O Brasil é o nosso álbum de memórias de um passado que é deles – não foram os nossos antepassados que colonizaram o Brasil, foram os antepassados dos brasileiros –, mas no qual não conseguimos deixar de nos sentir eternos figurantes no cenário de fundo. Às vezes, nessas encruzilhadas de paisagem que nos acordam um Portugal que, afinal, nunca conhecemos, foge-nos o pé patriótico para a tentação nostálgica da glorificação da gesta conquistadora, sem nos apercebermos que a face verdadeira da nossa glória, mais do que o saldo complexo da aventura colonial, está bem mais próxima de nós, está aqui nesta página, está nesta língua que nos une e cujas diferenças muito humanamente nos separam.

Ao longo de quase quatro anos no Brasil, coloquei sempre duas questões a mim mesmo: o que é hoje o Brasil para Portugal? E Portugal para o Brasil? Não sei se obtive ou obterei alguma vez a verdadeira resposta, mas ouso arriscar a minha.

No imaginário tradicional português, a independência do Brasil permanece como que se uma “jangada de pedra” se tivesse um dia afastado, num arroubo de um príncipe que transpirou a vontade de muitos, nela criando uma nação que éramos nós em sorridente, com mais música e alegria e com riqueza fácil à mão.

Os “brasis” foram sempre uma espécie de miragem para quem, em Portugal, sentia a aventura nas veias, para quantos, por ambição ou angústia, se decidiam a partir, muitas vezes sem o saber, para sempre. Para os portugueses, o Brasil era um destino muito diferente do de África, era mais acolhedor, menos perigoso e misterioso, algo mais próximo. Do outro lado do Atlântico, todos encontrariam um primo, uma afeição, uma hipótese para refazer a vida. Os que voltavam, traziam consigo como que um estranho vírus tropical de afectividade, um jeito informal e bizarro, uma forma de estar a que, por vezes, se associava uma ideia de inconstância ou de ligeireza. Mas o Brasil foi e permaneceu sempre, no sentimento profundo de muito portugueses, o último reduto da esperança, na busca por um melhor destino ou na luta pela liberdade. Ou um mero local de refúgio, a fronteira limite de uma mudança, como a casa de um familiar que nos acolhe numa crise de vida.

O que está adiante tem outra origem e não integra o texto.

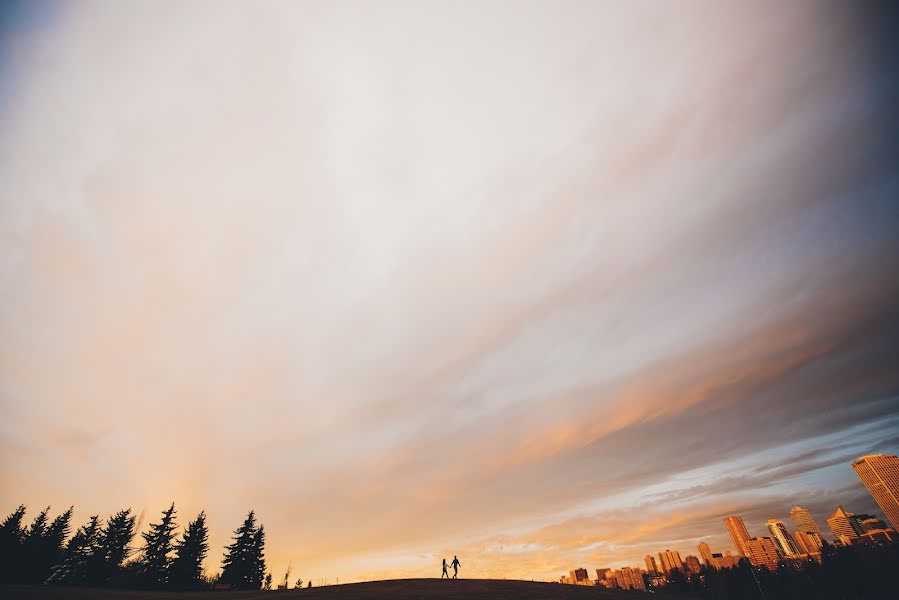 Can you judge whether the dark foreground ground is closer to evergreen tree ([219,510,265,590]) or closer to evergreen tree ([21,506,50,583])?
evergreen tree ([219,510,265,590])

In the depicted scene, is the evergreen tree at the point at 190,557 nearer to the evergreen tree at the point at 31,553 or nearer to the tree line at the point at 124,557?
the tree line at the point at 124,557

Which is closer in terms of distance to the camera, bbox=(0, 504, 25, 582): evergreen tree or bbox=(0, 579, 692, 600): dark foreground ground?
bbox=(0, 579, 692, 600): dark foreground ground

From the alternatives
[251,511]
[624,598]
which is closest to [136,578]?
[251,511]

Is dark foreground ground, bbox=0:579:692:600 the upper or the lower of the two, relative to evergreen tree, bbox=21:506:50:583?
lower

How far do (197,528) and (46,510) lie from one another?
3742cm

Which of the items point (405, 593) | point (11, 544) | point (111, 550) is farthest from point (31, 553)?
point (405, 593)

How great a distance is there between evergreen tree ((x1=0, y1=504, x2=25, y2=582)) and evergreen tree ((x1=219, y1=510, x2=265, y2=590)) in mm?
30886

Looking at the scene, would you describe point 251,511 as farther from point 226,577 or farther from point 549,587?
point 549,587

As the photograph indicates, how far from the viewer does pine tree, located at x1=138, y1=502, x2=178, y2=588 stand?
180 ft

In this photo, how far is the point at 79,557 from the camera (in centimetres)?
6384

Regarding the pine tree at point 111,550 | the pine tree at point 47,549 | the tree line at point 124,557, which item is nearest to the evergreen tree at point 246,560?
the tree line at point 124,557

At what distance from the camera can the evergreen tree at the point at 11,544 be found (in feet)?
185

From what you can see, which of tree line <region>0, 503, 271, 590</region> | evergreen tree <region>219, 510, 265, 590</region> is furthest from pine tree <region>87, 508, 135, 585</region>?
evergreen tree <region>219, 510, 265, 590</region>

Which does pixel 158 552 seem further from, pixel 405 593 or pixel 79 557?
pixel 405 593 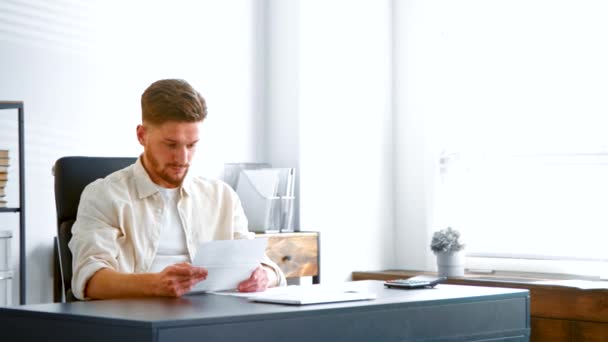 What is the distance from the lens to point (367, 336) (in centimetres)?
188

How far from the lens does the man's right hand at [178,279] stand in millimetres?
2055

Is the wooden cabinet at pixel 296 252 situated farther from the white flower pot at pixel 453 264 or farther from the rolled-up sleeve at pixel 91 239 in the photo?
the rolled-up sleeve at pixel 91 239

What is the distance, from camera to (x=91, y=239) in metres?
2.31

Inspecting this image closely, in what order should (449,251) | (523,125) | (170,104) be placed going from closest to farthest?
1. (170,104)
2. (449,251)
3. (523,125)

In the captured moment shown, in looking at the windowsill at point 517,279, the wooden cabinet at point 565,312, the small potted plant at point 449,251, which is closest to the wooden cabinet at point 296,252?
the windowsill at point 517,279

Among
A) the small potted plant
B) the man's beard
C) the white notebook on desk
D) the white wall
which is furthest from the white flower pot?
the white notebook on desk

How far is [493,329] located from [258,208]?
1.86m

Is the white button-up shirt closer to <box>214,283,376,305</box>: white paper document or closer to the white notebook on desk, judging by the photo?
<box>214,283,376,305</box>: white paper document

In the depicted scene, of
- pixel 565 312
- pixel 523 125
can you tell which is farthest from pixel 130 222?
pixel 523 125

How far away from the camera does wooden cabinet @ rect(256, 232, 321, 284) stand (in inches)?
150

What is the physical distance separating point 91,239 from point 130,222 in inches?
5.4

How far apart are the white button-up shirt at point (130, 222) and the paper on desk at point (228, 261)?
268 millimetres

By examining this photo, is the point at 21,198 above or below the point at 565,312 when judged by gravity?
above

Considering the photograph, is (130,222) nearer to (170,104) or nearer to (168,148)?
(168,148) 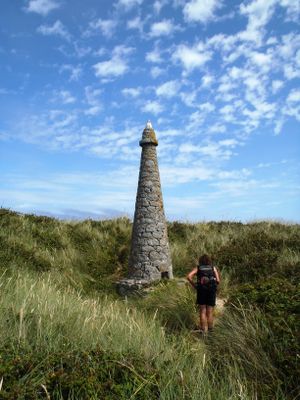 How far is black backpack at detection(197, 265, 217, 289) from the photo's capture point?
1026 centimetres

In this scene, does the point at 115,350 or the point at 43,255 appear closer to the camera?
the point at 115,350

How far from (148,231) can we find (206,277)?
477 cm

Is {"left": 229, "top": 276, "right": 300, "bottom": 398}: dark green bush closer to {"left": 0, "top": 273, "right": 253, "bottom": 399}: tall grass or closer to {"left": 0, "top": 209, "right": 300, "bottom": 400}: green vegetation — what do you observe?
{"left": 0, "top": 209, "right": 300, "bottom": 400}: green vegetation

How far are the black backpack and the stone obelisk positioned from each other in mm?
4257

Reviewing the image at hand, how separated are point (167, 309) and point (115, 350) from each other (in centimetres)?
568

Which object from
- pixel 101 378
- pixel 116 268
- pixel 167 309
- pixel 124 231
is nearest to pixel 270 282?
pixel 167 309

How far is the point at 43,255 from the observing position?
1655cm

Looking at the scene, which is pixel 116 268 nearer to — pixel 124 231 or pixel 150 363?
pixel 124 231

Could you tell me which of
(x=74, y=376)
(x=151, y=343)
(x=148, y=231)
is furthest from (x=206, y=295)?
(x=74, y=376)

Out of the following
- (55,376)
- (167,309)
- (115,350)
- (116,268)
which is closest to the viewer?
(55,376)

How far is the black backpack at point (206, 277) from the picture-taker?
33.7ft

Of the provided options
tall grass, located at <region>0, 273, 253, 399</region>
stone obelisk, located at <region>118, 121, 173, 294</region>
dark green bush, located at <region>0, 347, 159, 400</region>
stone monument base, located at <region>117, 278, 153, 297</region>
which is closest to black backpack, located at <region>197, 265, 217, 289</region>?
tall grass, located at <region>0, 273, 253, 399</region>

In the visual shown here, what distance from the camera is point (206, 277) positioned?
10406 mm

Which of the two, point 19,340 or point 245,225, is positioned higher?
point 245,225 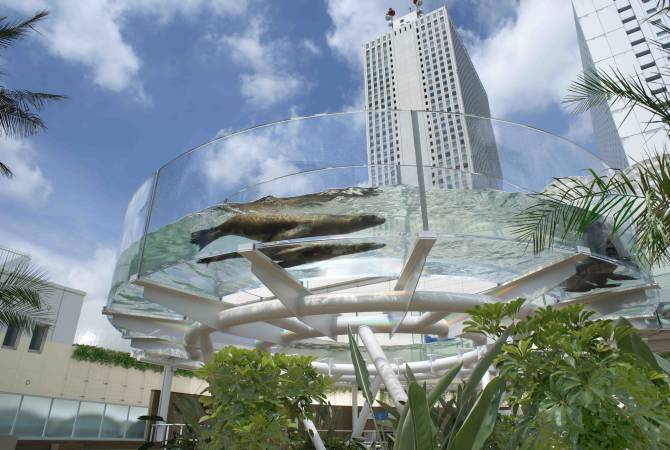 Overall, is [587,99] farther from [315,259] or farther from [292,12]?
[292,12]

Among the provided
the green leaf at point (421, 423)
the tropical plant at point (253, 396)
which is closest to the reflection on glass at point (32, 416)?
the tropical plant at point (253, 396)

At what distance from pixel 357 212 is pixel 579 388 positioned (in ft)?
17.3

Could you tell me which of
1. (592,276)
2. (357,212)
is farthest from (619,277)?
(357,212)

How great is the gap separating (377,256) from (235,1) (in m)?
10.6

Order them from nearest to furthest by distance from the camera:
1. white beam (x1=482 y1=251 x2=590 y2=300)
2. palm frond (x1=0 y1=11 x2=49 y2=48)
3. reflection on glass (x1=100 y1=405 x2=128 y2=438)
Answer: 1. white beam (x1=482 y1=251 x2=590 y2=300)
2. palm frond (x1=0 y1=11 x2=49 y2=48)
3. reflection on glass (x1=100 y1=405 x2=128 y2=438)

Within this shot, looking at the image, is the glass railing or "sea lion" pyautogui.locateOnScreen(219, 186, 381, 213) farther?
the glass railing

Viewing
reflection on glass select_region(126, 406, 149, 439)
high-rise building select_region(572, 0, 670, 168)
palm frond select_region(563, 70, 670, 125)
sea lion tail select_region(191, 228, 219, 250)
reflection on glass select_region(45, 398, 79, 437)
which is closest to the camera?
palm frond select_region(563, 70, 670, 125)

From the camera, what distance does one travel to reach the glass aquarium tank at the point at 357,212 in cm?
743

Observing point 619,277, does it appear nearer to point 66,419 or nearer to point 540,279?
point 540,279

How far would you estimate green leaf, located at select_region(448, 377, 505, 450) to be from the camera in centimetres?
263

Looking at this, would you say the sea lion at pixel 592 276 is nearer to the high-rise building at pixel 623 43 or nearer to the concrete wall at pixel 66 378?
the concrete wall at pixel 66 378

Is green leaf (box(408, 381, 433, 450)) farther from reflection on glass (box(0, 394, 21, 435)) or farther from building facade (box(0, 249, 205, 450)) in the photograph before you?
reflection on glass (box(0, 394, 21, 435))

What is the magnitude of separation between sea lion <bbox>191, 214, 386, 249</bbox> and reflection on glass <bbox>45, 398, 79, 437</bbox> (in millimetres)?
20033

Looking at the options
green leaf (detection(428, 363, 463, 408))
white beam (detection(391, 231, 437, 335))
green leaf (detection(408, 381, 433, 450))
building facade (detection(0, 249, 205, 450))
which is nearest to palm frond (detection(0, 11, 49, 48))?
white beam (detection(391, 231, 437, 335)) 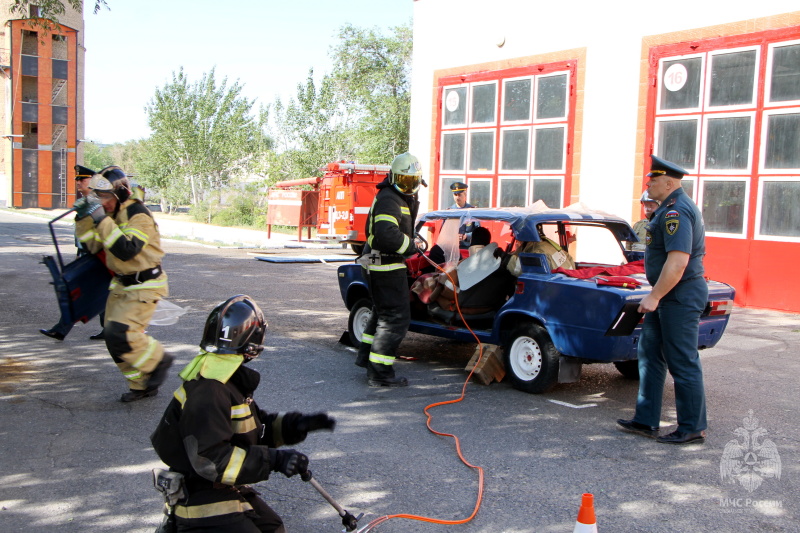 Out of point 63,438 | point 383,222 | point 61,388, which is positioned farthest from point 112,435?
point 383,222

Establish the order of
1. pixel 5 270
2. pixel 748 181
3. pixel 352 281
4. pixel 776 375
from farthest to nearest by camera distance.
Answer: pixel 5 270 → pixel 748 181 → pixel 352 281 → pixel 776 375

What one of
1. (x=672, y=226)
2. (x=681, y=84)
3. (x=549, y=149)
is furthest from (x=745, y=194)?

Pelo Brasil, durante largas décadas, muitos e muitos milhares de portugueses fizeram um trabalho árduo, geraram riquezas, às vezes para si próprios, quase sempre constituíram famílias que os “abrasileiraram”, foram leais a quem os acolheu bem, tornaram-se brasileiros de coração. Mas sempre cuidaram em guardar a memória dos vilarejos pobres de onde haviam partido e em alimentar, à sua maneira, o orgulho do país de que, sem o saberem, foram sempre os mais lídimos embaixadores. Por aqui ergueram instituições magníficas, deram lições de solidariedade e, na sua esmagadora maioria, tornaram a palavra seriedade como sinónimo de ser português no Brasil. E esse seu patriotismo sem baias levou a que, ironicamente, muitos acabassem por se identificar com o regime que, em Portugal, lhes não soube dar condições para poderem exercer esse direito natural que é cada um poder construir uma vida decente e próspera, sem ter, necessariamente, de sair do lugar onde nasceu.

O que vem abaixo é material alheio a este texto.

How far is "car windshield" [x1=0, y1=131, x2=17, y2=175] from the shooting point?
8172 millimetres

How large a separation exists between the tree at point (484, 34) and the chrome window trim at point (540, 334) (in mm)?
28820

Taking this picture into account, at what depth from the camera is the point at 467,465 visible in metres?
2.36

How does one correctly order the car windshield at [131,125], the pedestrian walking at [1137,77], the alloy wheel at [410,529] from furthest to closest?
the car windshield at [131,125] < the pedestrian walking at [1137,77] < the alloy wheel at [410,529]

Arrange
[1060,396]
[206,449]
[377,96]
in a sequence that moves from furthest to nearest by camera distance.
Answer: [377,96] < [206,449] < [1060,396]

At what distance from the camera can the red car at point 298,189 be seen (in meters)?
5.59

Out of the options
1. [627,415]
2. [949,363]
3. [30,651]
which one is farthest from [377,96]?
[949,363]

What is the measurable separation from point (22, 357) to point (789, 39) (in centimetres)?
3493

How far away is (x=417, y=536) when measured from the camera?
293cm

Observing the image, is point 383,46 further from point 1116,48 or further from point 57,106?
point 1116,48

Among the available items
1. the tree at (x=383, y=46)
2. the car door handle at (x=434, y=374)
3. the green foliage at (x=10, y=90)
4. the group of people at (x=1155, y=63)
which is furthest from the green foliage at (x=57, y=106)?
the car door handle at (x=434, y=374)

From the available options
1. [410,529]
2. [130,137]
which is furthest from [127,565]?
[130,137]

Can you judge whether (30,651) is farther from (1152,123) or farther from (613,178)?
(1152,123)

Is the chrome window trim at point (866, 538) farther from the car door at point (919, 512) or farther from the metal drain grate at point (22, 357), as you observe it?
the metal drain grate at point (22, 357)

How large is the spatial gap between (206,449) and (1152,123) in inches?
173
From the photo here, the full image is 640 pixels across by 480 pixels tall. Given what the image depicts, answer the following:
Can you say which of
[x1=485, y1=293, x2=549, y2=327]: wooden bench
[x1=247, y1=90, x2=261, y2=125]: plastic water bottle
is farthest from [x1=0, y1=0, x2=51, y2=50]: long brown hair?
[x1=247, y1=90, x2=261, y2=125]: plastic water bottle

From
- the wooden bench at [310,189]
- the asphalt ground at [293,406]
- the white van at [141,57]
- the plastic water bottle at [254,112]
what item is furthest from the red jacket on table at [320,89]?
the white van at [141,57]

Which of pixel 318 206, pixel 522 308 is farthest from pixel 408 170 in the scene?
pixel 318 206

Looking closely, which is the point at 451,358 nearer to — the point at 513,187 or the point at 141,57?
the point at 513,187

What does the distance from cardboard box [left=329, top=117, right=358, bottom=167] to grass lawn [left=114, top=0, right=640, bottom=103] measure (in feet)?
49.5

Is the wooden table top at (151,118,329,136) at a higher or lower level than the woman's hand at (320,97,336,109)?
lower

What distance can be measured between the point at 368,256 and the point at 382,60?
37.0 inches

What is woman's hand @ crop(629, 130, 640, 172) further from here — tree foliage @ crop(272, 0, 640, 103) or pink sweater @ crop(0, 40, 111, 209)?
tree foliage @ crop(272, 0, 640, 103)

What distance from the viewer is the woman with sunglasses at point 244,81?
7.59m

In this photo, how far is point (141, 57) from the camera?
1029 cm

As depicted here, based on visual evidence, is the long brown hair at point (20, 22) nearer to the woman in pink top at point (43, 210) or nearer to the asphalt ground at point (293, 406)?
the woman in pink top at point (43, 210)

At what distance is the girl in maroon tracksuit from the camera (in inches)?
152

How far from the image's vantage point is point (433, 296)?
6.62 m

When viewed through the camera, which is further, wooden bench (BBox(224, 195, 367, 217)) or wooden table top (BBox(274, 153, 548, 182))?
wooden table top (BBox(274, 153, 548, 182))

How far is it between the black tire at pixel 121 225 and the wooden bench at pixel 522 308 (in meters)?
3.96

Com o tempo, o Brasil mais verdadeiro, já não o Brasil virtual levado pelos “torna-viagem”, foi-se aproximando de Portugal e a sua imagem tornou-se-nos mais nítida: com a sua música eterna como fundo, servida por um “português com açúcar”, consumíamos as latas da goiabada e as resmas de “Cruzeiros” e “Manchetes” que os primos nos mandavam pelos natais. Nas suas páginas, como nos cantos do Juca Chaves e, mais tarde, do Chico Buarque, fomos aprendendo que, afinal, também por lá havia “amigos da onça”…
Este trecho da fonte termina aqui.